Las guerras pueden ser motivadas por razones tácticas, políticas, geoestratégicas, económicas, etc. Pero las guerras siempre son un cúmulo de dramas humanitarios que inciden en cada una de las personas y de los allegados que los sufren en vivo. Y esta guerra no es una excepción. Llevamos cuarenta días asistiendo atónitos, impactados y emocionados a una pasarela del horror. A una muestra, seguramente suavizada, de las consecuencias brutales que un conflicto bélico gestado en los despachos y estancias más acomodadas y cálidas de las cancillerías.
En esta ocasión, el foco mediático se ha puesto en las personas. Durante días hemos conocido a través de los medios de comunicación cientos de relatos de mujeres, niños y ancianos sobre su huida del espanto. Desde hace semanas, hemos sido testigos de las escenas más duras que un ser humano puede protagonizar en vida, gotas de lamento que quedarán para siempre en el recuerdo de esas almas. La imagen, datada el 27 de febrero, recoge la despedida de un niño de un ser querido desde el tren que partía hacia el éxodo en la estación de Kramatorsk, en el este de Ucrania.
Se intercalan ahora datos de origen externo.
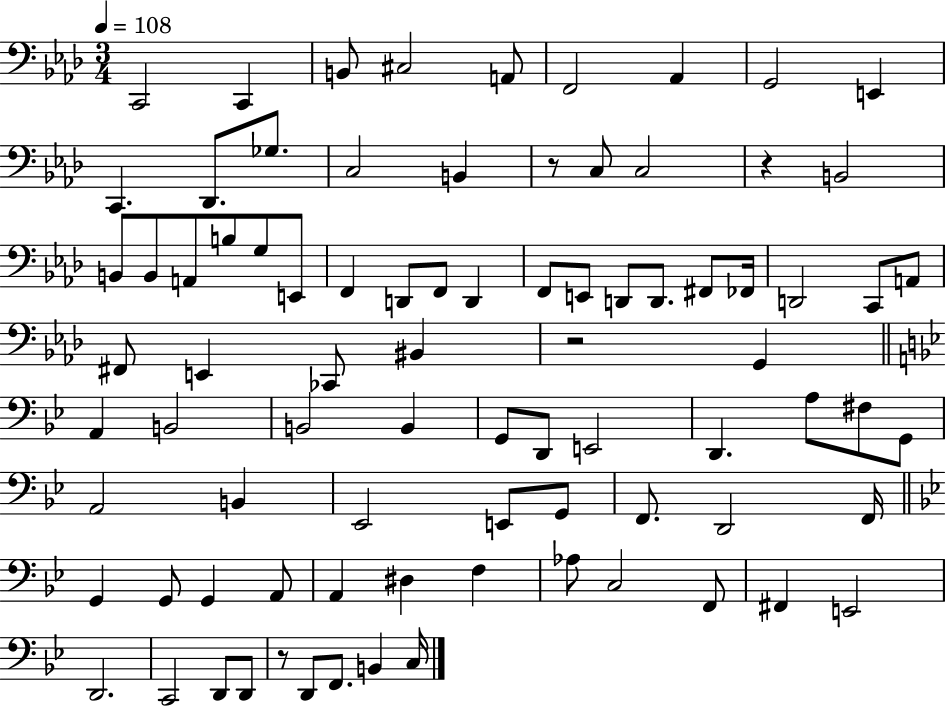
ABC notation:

X:1
T:Untitled
M:3/4
L:1/4
K:Ab
C,,2 C,, B,,/2 ^C,2 A,,/2 F,,2 _A,, G,,2 E,, C,, _D,,/2 _G,/2 C,2 B,, z/2 C,/2 C,2 z B,,2 B,,/2 B,,/2 A,,/2 B,/2 G,/2 E,,/2 F,, D,,/2 F,,/2 D,, F,,/2 E,,/2 D,,/2 D,,/2 ^F,,/2 _F,,/4 D,,2 C,,/2 A,,/2 ^F,,/2 E,, _C,,/2 ^B,, z2 G,, A,, B,,2 B,,2 B,, G,,/2 D,,/2 E,,2 D,, A,/2 ^F,/2 G,,/2 A,,2 B,, _E,,2 E,,/2 G,,/2 F,,/2 D,,2 F,,/4 G,, G,,/2 G,, A,,/2 A,, ^D, F, _A,/2 C,2 F,,/2 ^F,, E,,2 D,,2 C,,2 D,,/2 D,,/2 z/2 D,,/2 F,,/2 B,, C,/4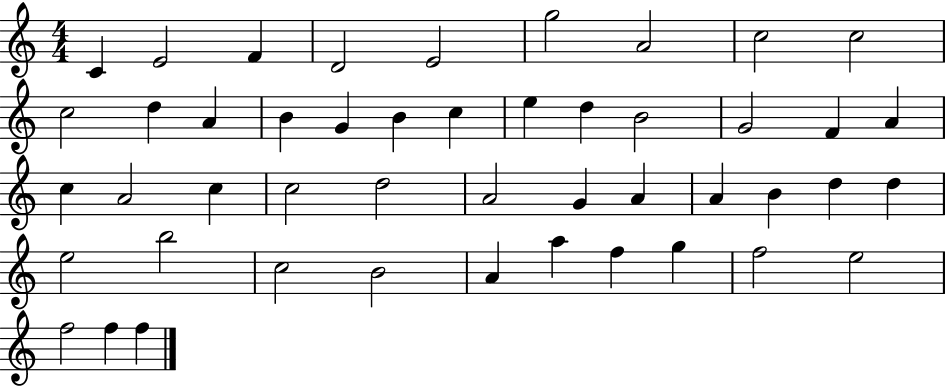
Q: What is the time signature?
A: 4/4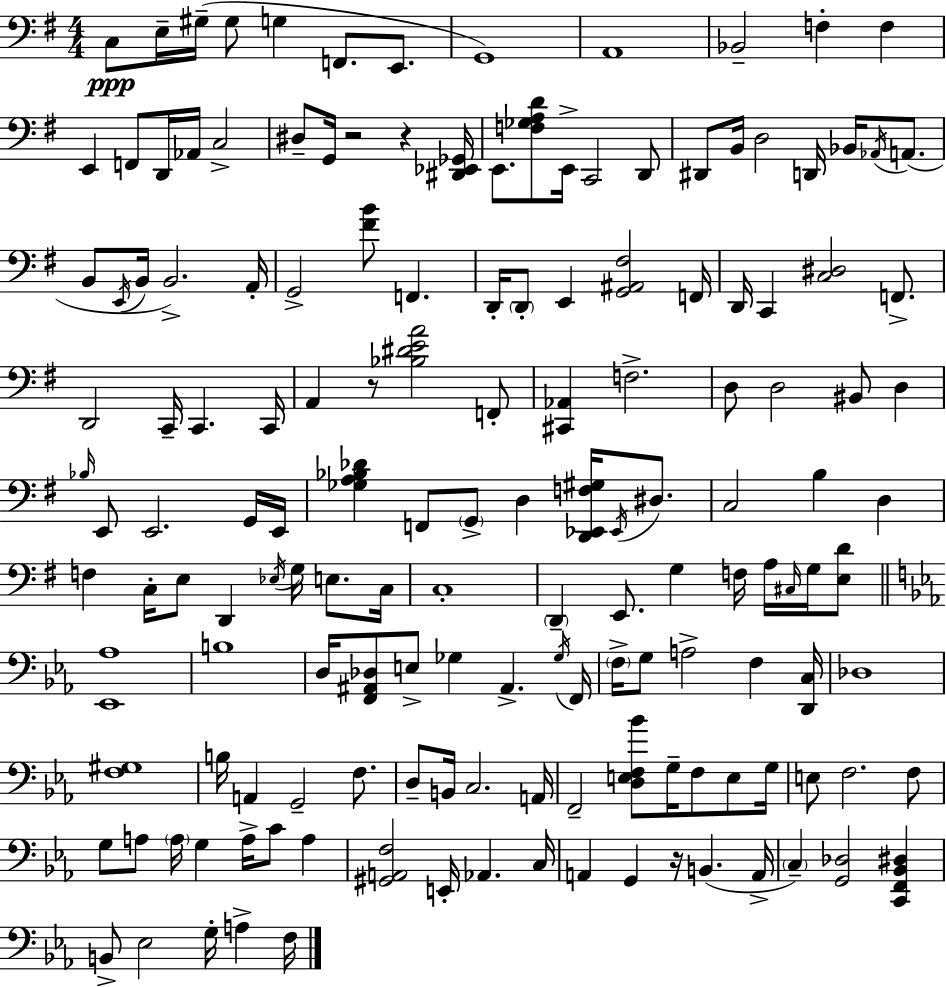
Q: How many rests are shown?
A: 4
Pero no siempre ha sido así. En los conflictos de los últimos años del siglo XX se extendió la costumbre de hacer desaparecer de los medios de comunicación toda imagen de personas que se mostrara en situación de sufrimiento, heridas o cadáveres. Se dijo que en la primera Guerra del Golfo, las agencias y cadenas de televisión estadounidenses, habían censurado conscientemente las imágenes de los damnificados de la guerra. Se habló de una guerra sin muertos, una guerra deshumanizada. Lo más impactante que pudimos presenciar fueron los cormoranes embadurnados de petróleo del Golfo Pérsico, tras la apertura de los pozos de crudo propiciada por Sadam Huseín para provocar a Occidente.
El dilema sobre mostrar imagen del ser humano en situaciones extremas durante los conflictos bélicos es un debate muy antiguo. Parece necesario enseñarnos los horrores de una guerra para concienciar de la gravedad de su realidad, pero a veces -esta puede ser el caso- cuando un conflicto se retransmite en directo, corremos el riesgo de caer en el amarillismo del estímulo fugaz, impactante y escasamente reflexivo. Una intensidad que se diluye tan rápido como surgió y desvanece nuestra capacidad de sorpresa hasta acabar por olvidar la injusticia, sin dejar a penas huella en nosotros.